Problem description → Every line from the one containing "Two-Pour Silicone Soap" to the end of the records below must be copied exactly, and no pictures may be included.

Supplied records →
_ _ _

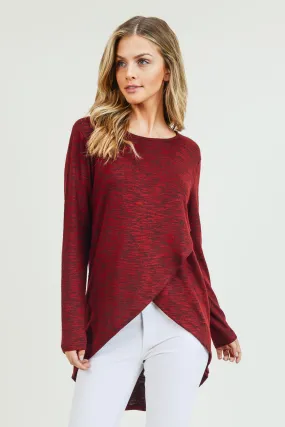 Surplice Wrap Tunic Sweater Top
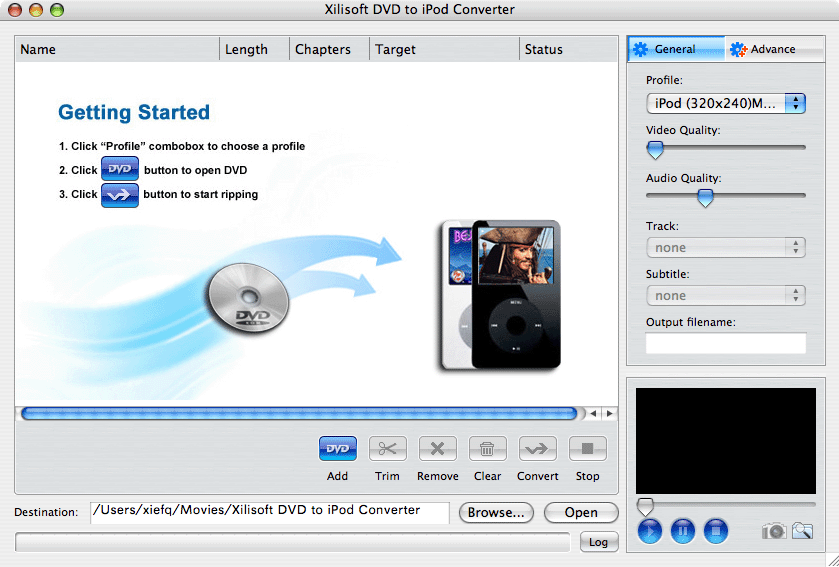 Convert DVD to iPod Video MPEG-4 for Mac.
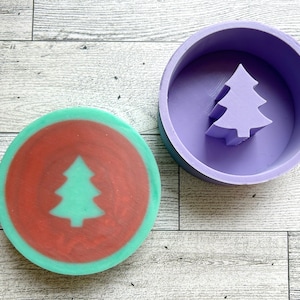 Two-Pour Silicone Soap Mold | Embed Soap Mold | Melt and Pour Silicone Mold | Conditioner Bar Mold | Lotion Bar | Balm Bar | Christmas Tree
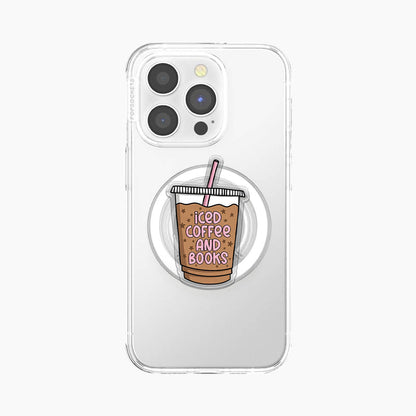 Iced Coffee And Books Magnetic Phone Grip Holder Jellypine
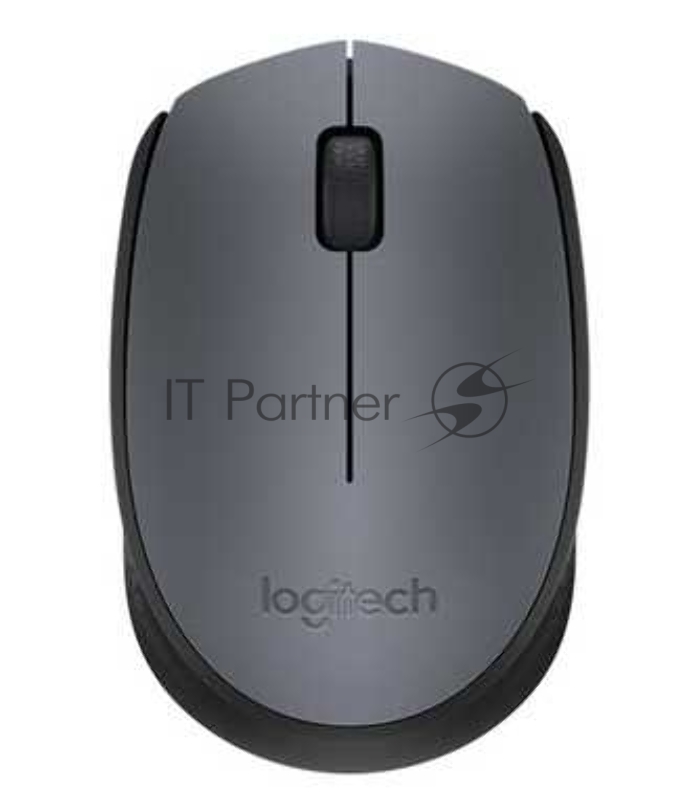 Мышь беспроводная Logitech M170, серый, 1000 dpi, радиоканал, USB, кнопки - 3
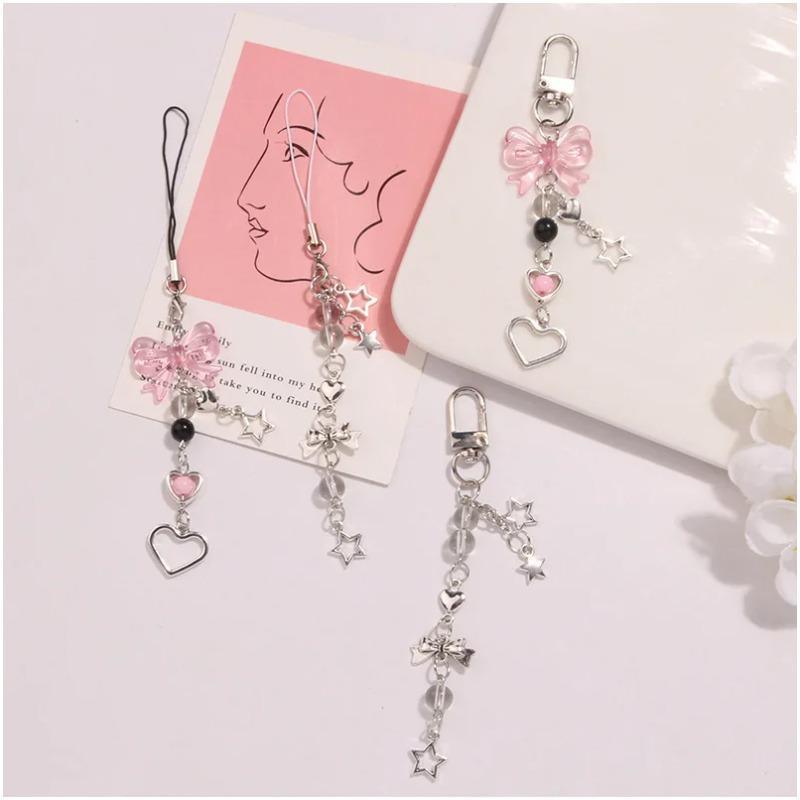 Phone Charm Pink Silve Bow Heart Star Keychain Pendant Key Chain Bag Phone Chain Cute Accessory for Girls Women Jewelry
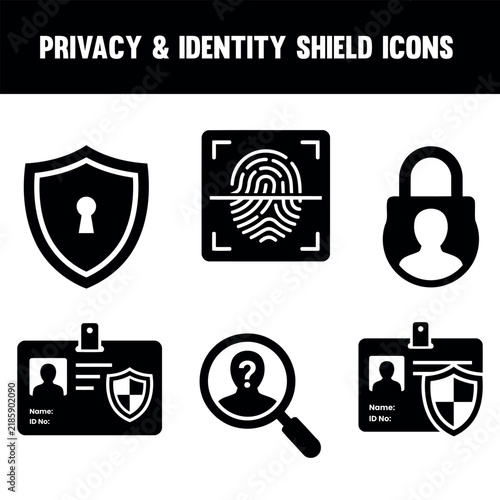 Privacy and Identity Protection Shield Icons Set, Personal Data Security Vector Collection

_ _ _

Answer to this problem →
 Two-Pour Silicone Soap Mold | Embed Soap Mold | Melt and Pour Silicone Mold | Conditioner Bar Mold | Lotion Bar | Balm Bar | Christmas Tree
 Iced Coffee And Books Magnetic Phone Grip Holder Jellypine
 Мышь беспроводная Logitech M170, серый, 1000 dpi, радиоканал, USB, кнопки - 3
 Phone Charm Pink Silve Bow Heart Star Keychain Pendant Key Chain Bag Phone Chain Cute Accessory for Girls Women Jewelry
 Privacy and Identity Protection Shield Icons Set, Personal Data Security Vector Collection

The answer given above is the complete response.